-- Supplied material follows --

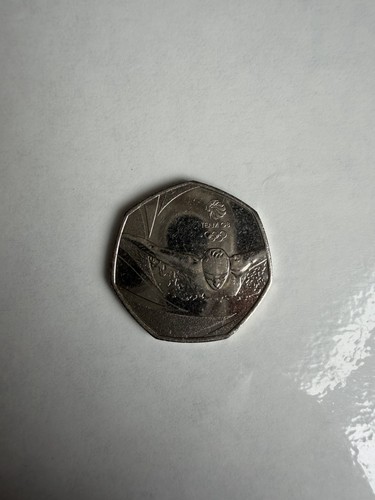 2016 50p coin team gb - 2016,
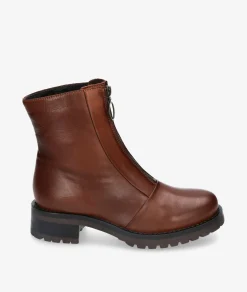 Botines Traveris B-1377 M en cuero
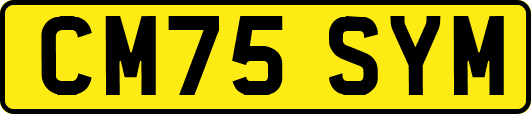 CM75SYM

-- Supplied material concluded --

## Task directions
Would you print the listing above in full, exactly, but with no pictures?

## Task answer
 2016 50p coin team gb - 2016,
 Botines Traveris B-1377 M en cuero
 CM75SYM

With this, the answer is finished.